The Technical Advisor, Network for Health Equity and Development (NHED),Dr Jerome Mafeni on Tuesday called for reduction of salt content in commercially produced foods, saying that excessive salt intake causes non-communicable diseases (NCDs).
Mafeni said this at a news conference, organised by the Corporate Accountability for Public Participation Africa (CAPPA) in collaboration with the Global Health Advocacy Incubator (GHAI) and NHED in Abuja.
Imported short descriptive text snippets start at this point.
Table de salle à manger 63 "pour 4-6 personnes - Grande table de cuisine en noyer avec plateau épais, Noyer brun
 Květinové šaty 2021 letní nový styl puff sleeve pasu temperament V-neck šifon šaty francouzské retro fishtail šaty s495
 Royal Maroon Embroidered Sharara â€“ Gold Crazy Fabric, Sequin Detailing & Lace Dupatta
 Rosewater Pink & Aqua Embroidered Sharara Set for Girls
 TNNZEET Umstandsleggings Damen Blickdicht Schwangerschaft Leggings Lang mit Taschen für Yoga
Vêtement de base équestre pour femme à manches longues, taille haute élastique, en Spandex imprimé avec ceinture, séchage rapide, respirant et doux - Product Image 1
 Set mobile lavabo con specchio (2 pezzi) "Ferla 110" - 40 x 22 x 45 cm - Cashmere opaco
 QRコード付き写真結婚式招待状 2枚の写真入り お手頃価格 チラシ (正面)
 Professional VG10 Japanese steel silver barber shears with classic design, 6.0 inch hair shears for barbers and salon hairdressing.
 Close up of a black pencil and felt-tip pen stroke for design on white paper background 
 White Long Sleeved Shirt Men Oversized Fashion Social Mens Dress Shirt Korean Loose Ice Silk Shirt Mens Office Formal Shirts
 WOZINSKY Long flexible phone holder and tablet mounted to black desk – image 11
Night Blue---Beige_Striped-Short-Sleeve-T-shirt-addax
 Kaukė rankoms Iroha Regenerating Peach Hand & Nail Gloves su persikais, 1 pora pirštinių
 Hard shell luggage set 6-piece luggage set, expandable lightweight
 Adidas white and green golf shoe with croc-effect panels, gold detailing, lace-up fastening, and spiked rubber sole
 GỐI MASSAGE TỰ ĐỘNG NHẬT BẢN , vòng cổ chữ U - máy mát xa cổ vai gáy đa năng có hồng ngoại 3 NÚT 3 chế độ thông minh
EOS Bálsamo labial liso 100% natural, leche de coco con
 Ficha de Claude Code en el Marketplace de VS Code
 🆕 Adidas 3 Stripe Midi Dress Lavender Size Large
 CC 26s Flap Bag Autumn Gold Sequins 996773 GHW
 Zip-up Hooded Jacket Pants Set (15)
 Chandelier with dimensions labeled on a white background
According to him, excessive salt consumption has become a pressing public health concern in Nigeria, contributing to the rising burden of non-communicable diseases such as hypertension, cardiovascular diseases, and stroke.
“Studies have shown that high salt intake is a major risk factor for these diseases, and it is estimated that NCDs account for 29 percent of all deaths in Nigeria.
“High salt intake is directly linked to increased blood pressure, which is a leading risk factor for cardiovascular diseases.
“Cardiovascular diseases are responsible for a significant number of premature deaths and disabilities in Nigeria.
“By reducing salt intake, we can significantly lower the incidence of hypertension and related diseases, leading to improved health outcomes and reduced healthcare costs,” expert said.
According to him, the economic burden of NCDs is substantial, both for individuals and the healthcare system.
“By reducing the prevalence of NCDs through salt reduction, we can alleviate the financial burden on individuals and the government, allowing resources to be allocated to other pressing healthcare needs.
“To address the rising health concerns linked to high salt intake, it is crucial to establish and advocate for salt reduction targets.
“We urge the Federal Ministry of Health and Social Welfare and the National Agency for Food and Drug Administration (NAFDAC) to expedite the development and enforcement of regulations for salt targets in processed foods.
“This can be achieved through the development and implementation of policies and regulations that mandate the reduction of salt content in commercially produced foods.”
Mafeni underscored the need for collaboration with relevant government agencies to establish clear guidelines and targets for salt reduction in different food categories.
He also called for mandating clear and accurate labelling of salt content on food packaging, adding that relevant agencies should monitor compliance and enforce penalties for non-compliance to ensure the effectiveness of these regulations.
According to him, there is need to encourage food manufacturers and producers to voluntarily reduce the salt content in their products.
In his remarks, the Executive Director of CAPPA, Mr Akinbode Oluwafemi, said that Nigeria recorded 5.8grams daily salt consumption, exceeding 2 grams of sodium per day or less than 5 grams of salt per day recommended by the World Health Organization’s (WHO).
“Presently, Nigeria records an estimated daily salt consumption reaching up to 5.8grams per day, dangerously exceeding the World Health Organization’s (WHO) recommended limit of 2 grams of sodium per day or less than 5 grams of salt per day.
“This is equivalent to just one teaspoon of salt daily. According to the NonCommunicable Diseases Alliance, non-communicable diseases (NCDs) such as cardiovascular disease are the primary cause of death and disability worldwide.
“Hypertension, mainly caused by an increased intake of salt or sodium, accounts for 12 percent of deaths in Nigeria,” CAPPA chief said.
According to him, these alarming statistics are not surprising given the significant changes in the Nigerian diet over the past decade.
He said that the influx of processed foods and seasonings loaded with high sodium on local market shelves and the growth of unhealthy fastfood outlets had led to a nutritional transition in the country that posed a grave risk to public health.